### [How to complete this task]
Here is the task for the records below: repeat exactly the lines from the one with "Een moderne kamer" to the one with "Dzieci mówią przez", both included, and nothing else.
====================
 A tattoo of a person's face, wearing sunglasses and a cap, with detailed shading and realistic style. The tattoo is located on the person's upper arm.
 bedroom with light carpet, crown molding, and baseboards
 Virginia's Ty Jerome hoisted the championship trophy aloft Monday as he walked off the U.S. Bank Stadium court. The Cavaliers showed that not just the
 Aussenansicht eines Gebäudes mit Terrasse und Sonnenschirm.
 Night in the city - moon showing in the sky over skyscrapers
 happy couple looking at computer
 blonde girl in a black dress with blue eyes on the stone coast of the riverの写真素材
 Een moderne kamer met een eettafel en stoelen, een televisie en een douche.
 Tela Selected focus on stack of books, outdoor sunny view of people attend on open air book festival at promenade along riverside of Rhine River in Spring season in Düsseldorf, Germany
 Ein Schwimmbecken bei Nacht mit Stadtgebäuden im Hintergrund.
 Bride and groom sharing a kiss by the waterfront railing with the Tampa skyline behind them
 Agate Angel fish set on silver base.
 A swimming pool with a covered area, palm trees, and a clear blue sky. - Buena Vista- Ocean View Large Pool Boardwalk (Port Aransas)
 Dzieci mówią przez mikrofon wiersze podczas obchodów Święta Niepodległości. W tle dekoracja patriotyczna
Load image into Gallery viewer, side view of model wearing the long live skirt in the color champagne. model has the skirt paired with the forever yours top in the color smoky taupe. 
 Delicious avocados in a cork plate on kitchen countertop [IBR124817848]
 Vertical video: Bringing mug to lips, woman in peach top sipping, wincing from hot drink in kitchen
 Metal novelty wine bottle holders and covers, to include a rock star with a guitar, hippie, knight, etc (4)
====================
### [Expected answer]
 Een moderne kamer met een eettafel en stoelen, een televisie en een douche.
 Tela Selected focus on stack of books, outdoor sunny view of people attend on open air book festival at promenade along riverside of Rhine River in Spring season in Düsseldorf, Germany
 Ein Schwimmbecken bei Nacht mit Stadtgebäuden im Hintergrund.
 Bride and groom sharing a kiss by the waterfront railing with the Tampa skyline behind them
 Agate Angel fish set on silver base.
 A swimming pool with a covered area, palm trees, and a clear blue sky. - Buena Vista- Ocean View Large Pool Boardwalk (Port Aransas)
 Dzieci mówią przez mikrofon wiersze podczas obchodów Święta Niepodległości. W tle dekoracja patriotyczna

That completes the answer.